State Auditor Diana DiZoglio is about to make good on her campaign promise to throw open the doors of the Legislature and let the sun shine in — its long-maintained exemption from public records law notwithstanding.
And as long as she follows the money — taxpayers’ money, let’s not forget — she will be waging a battle well worth waging and one the Legislature with its long-established lack of transparency has brought on itself. But one cautionary note: An intrusion into the inner policy workings of the House and Senate, as attractive a target as that may be, runs the risk of bumping up against the Massachusetts Constitution and its separation of powers clause.
“My hope is that the Legislature will fully cooperate,” DiZoglio said in an interview with the editorial board. “Certainly we hope that the Senate and House both come to understand that an audit is the appropriate way to increase accountability. And performance audits are a good way to make sure government programs are operating efficiently.”
She also pointed out that the last time the Legislature was the subject of a state audit was in 1922, when the state government was much smaller than it is today. Today, the Legislature is an approximately $87 million annual enterprise, one that could do with a little scrutiny.
DiZoglio, who spent three terms in the House and two in the Senate before running for the auditor’s post, has seen the Legislature from the inside — and not necessarily in a good way. Earlier in her career as a legislative aide she was made to sign a nondisclosure agreement as part of a severance package aimed at putting to rest allegations of sexual misconduct and her subsequent harassment.
The experience made her a crusader against such agreements — especially those funded with taxpayer dollars. It also made her not the most popular of lawmakers among her colleagues on Beacon Hill.
But today, DiZoglio’s ambition goes well beyond exposing NDAs.
In letters sent to House Speaker Ron Mariano and Senate President Karen Spilka, DiZoglio warned her office’s audit “will include but not be limited to the review of access to budgetary, hiring, spending and procurement information.”
But she also gave notice that it would include “information regarding active and pending legislation, the process for appointing committees, the adoption and suspension of House and Senate rules and the policies and procedures of the House and Senate.”
And that’s where the auditor may be on trickier ground.

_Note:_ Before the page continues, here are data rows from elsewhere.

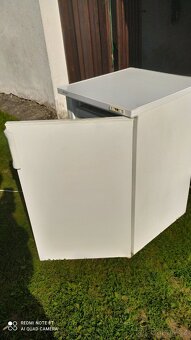 prodám mrazák Zanussi - 6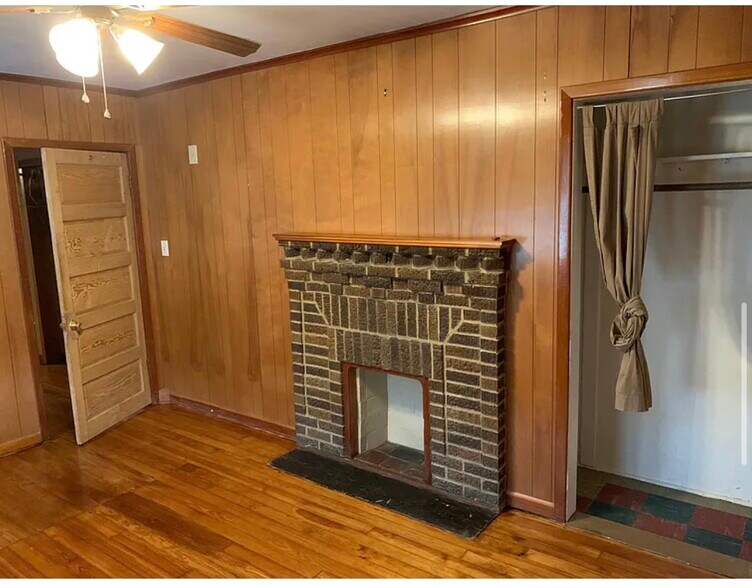 Building Photo - 209 Audubon St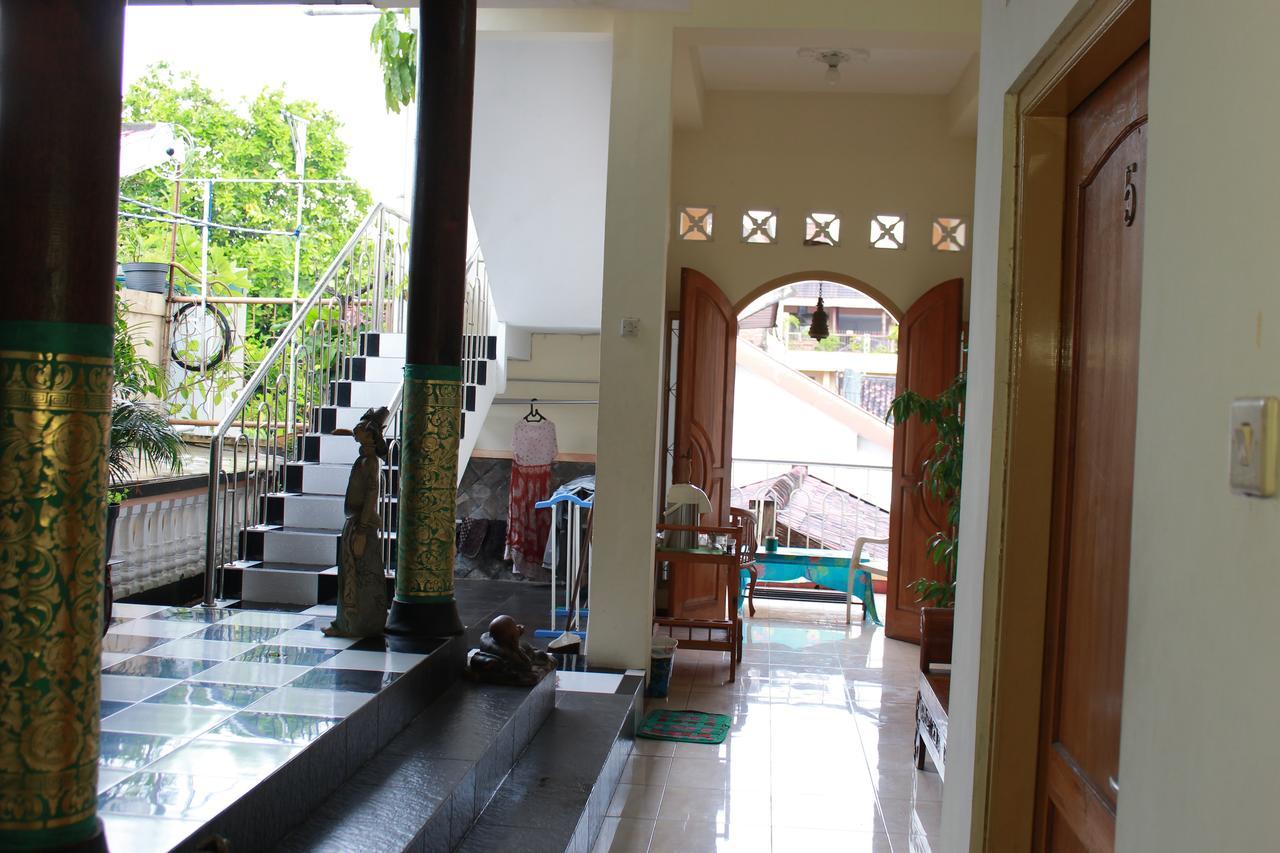 La Javanaise Home Stay Malioboro 요그야카르타 외부 사진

As Spilka was quick to point out in a statement issued by her office, “Under the Massachusetts Constitution and as the separation of powers clause dictates, the Senate is required to manage its own business and set its own rules.”

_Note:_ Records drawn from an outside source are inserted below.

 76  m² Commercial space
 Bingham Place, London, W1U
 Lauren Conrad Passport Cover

As the statement also noted, “Senate business is made public through journals, calendars and recordings of each session, while payroll and other financial information is publicly available on the Comptroller’s website.”
If the public is curious about how much the Legislature spends each month to service its copying machines it’s all there. Or to pay for the occasional law firm. That’s there too. But if DiZoglio thinks she can make the House and Senate operations more transparent than the comptroller’s somewhat-difficult-to-navigate website, well, she should have at it.
The auditor’s governing statute says the office can audit “accounts, programs, activities and functions” of “all departments, offices, commissions, institutions and activities of the commonwealth, including those of districts and authorities created by the general court.”
DiZoglio points out there is no exemption for the Legislature.
If lawmakers want to put to the test whether that mandate includes their operations, then DiZoglio will have a court fight on her hands. And if she sticks to issues of appropriate use of funds, of fairness in hiring and contracting, as she promised in her letters, she should be on solid ground — the Legislature’s protests notwithstanding.
DiZoglio said her office is consulting with the Government Accountability Office — which literally wrote the book on auditing procedures — “to insure this process is done correctly.”
But to attempt to get under the hood of legislative decision-making about its own rules, procedures, and appointments is to walk a fine line — a line that could invite a separation of powers challenge.
As John Adams’s brilliantly crafted 1780 constitution put it:
“In the government of this commonwealth, the legislative department shall never exercise the executive and judicial powers, or either of them: the executive shall never exercise the legislative and judicial powers, or either of them: the judicial shall never exercise the legislative and executive powers, or either of them: to the end it may be a government of laws and not of men.”
Ultimately DiZoglio can’t bend the legislative branch to her will. But she can and should work to expose any malfeasance or misfeasance and hope the voters will take it from there.